Fitzgerald was a prosecutorial prodigy, beginning his career at age 27 in the U.S. Attorney’s Office for the Southern District of New York in 1988. He spent the next thirteen years taking down mobsters and international terrorists including the “Blind Sheikh” Omar Abdel Rahman and others who bombed the World Trade Center in 1993, and associates of Osama Bin Laden who bombed two U.S. embassies in Africa in 1998. In 2001, when a U.S. senator from Illinois needed a new U.S. attorney for the Chicago area and asked FBI Director Louis Freeh to identify the best prosecutor in the country, Freeh responded, “Patrick Fitzgerald.” President George W. Bush then nominated Fitzgerald as the U.S. attorney for the Northern District of Illinois, and the Senate confirmed him unanimously. 

Fitzgerald became a national presence in December 2003, when he was named special counsel to investigate the Bush administration’s leak of the identity of CIA operative Valerie Plame. That appointment was made by the Deputy Attorney General of the United States – Jim Comey, who had grown up as an SDNY prosecutor alongside Fitzgerald.

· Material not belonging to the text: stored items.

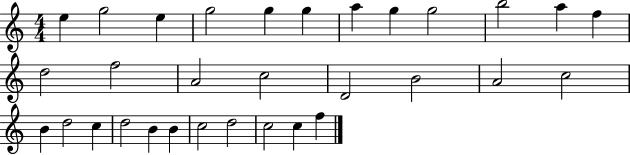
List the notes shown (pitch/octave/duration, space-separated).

E5/q G5/h E5/q G5/h G5/q G5/q A5/q G5/q G5/h B5/h A5/q F5/q D5/h F5/h A4/h C5/h D4/h B4/h A4/h C5/h B4/q D5/h C5/q D5/h B4/q B4/q C5/h D5/h C5/h C5/q F5/q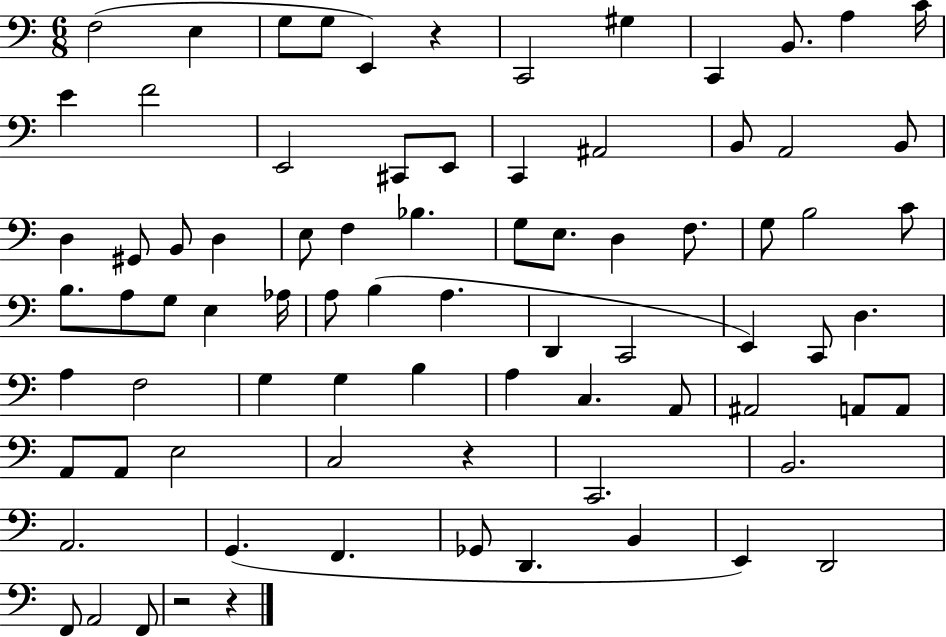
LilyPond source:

{
  \clef bass
  \numericTimeSignature
  \time 6/8
  \key c \major
  f2( e4 | g8 g8 e,4) r4 | c,2 gis4 | c,4 b,8. a4 c'16 | \break e'4 f'2 | e,2 cis,8 e,8 | c,4 ais,2 | b,8 a,2 b,8 | \break d4 gis,8 b,8 d4 | e8 f4 bes4. | g8 e8. d4 f8. | g8 b2 c'8 | \break b8. a8 g8 e4 aes16 | a8 b4( a4. | d,4 c,2 | e,4) c,8 d4. | \break a4 f2 | g4 g4 b4 | a4 c4. a,8 | ais,2 a,8 a,8 | \break a,8 a,8 e2 | c2 r4 | c,2. | b,2. | \break a,2. | g,4.( f,4. | ges,8 d,4. b,4 | e,4) d,2 | \break f,8 a,2 f,8 | r2 r4 | \bar "|."
}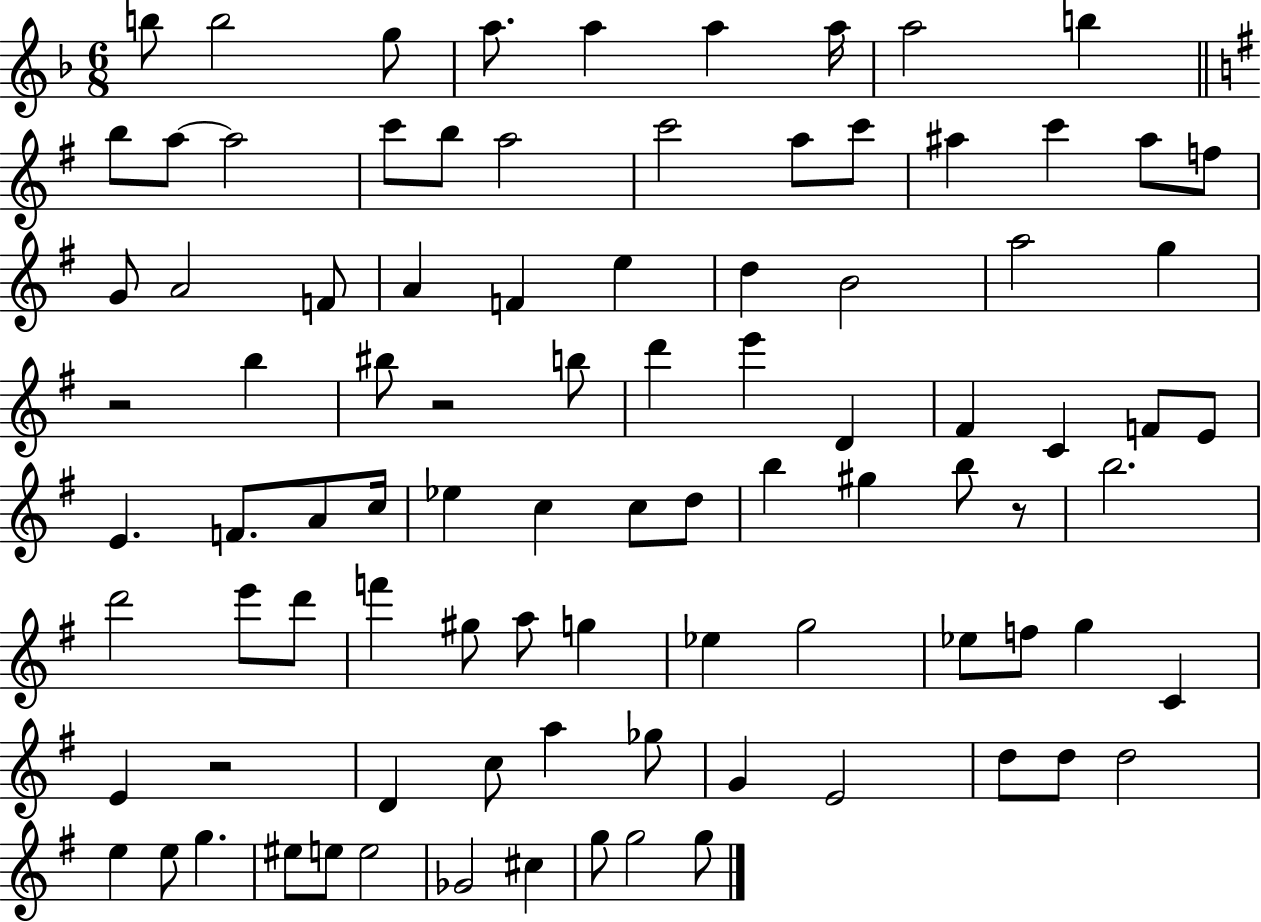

Upon the appointment, NBC News ran a piece titled: “Pat Fitzgerald: The steely-eyed sleuth” which cast him as “a prosecutor with no discernible political bent” who “blended toughness and flexibility,” worked exhausting hours, remembered every detail, and was “enormously fair.”  Even as Fitzgerald probed the Bush administration, the President publicly praised him as “a very thorough person [who has] conducted his investigation in a dignified way.”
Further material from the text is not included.